Я шел по проселку и сомнение все круче забирало меня: нет, наверное, не стоило мне приезжать сюда, возвращаться к тому, что так ласково теплилось в сердце. Я остановился, жадно закурил, и с грустью подумал, стоит ли еще раз припадать к чистому колодцу, вдруг он потеряет свою живительную силу. И может быть, зря я обольщаюсь, что прошлое хоть одним легким крылом да заденет меня, донеся отзвуки прошлого, а вместе с ними образы и чувства. А помнится, как помнится, что нигде я не пил воды слаще, чем из реки детства.

Отступать было поздно, не поворачивать же вспять, когда до поселка скорым шагом осталось идти всего четверть часа. «Что же, найду знакомых, кто-нибудь да и остался здесь, переночую, а утренним автобусом вернусь в город», – решил я, и мне стало чуть легче, как всегда, когда принял решение, пусть даже и не совсем верное.

От грустных мыслей меня отвлек стрекот мотоцикла. Звук за спиной нарастал, и я поспешил сойти на обочину – знаю я этих деревенских лихачей! Но мотоцикл все не показывался, тарахтел где-то за поворотом, слишком уж медленно догоняя меня. И прежде чем я догадался, что это за слабосильная машина воздух треплет, из-за деревьев вырулил мопед. За спиной ездока мотались влево-вправо длинные удилища, привязанные к багажнику, будто след заметали. При виде этих гибких прутов дрогнуло сердце: Гена… Неужто он остался доживать в заброшенном поселке, не переехал вслед за братьями-сестрами?

Мопед подпрыгивал на кочках, и я толком не мог рассмотреть лицо седока. Но и ошибиться не мог. Так, немного скособочившись и задрав голову, будто важно не то, что под ногами, а то, что через километр, ездил в нашем поселке один человек – мой старый приятель, товарищ, друг? Я никогда не мог подыскать точного слова, которое могло бы выразить наши с ним отношения. Слишком уж большой была разница в возрасте, да и в том, как мы понимали и принимали жизнь. Одно крепко-накрепко связывало нас – рыбалка, до которой я сызмальства был охоч, ну, а Гена и вовсе – признанный бог и царь горных речушек.

Я пристально вглядывался в лицо человека, которого никак не ожидал встретить в поселке: бледное пятно маячило за рулем, и нельзя было сразу и целиком охватить его. Время несправедливо быстро стирает черты даже самых близких и любимых людей, оставляя слишком уж общее и поверхностное, недостаточное, чтобы вырезать портрет до полного узнавания, до самой тонкой черты.

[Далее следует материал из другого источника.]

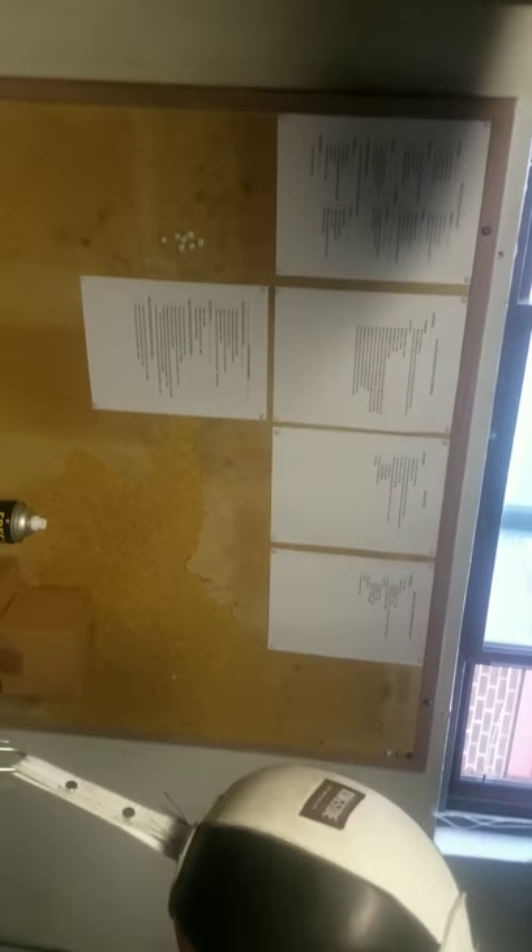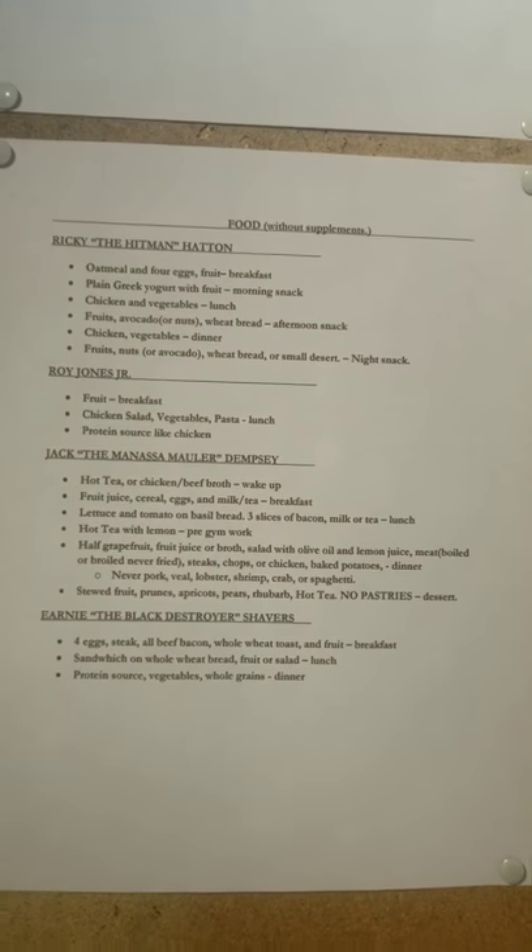The last thing is I put up this corkboard. I obviously haven't finished it, but I've got some of my favorite fighters listed - like Ricky Hatton, Roy Jones Jr., Jack Dempsey, and Ernie Shavers. I've got some of their workout routines on there, some pulled out of biographies and some found online. I've also got different meal plans of what they used to eat. Some of them are pretty vague, but it just helps for motivation.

От Гены моей памяти достались глаза. Одни они, казалось, жили на его спокойном лице, мерцали на белой равнине два глубоких синих озерца.

В поселке все от мала до велика звали его по имени, хотя, помнится, ему и тогда уже было далеко за тридцать. Но редко кто окликал пренебрежительно, разве что те, кто без году неделя жил в леспромхозе. Чаще звали его ласково, с едва уловимым оттенком жалости и сострадания, особенно женщины, у которых, известно, милосердие ближе лежит, чем у мужиков.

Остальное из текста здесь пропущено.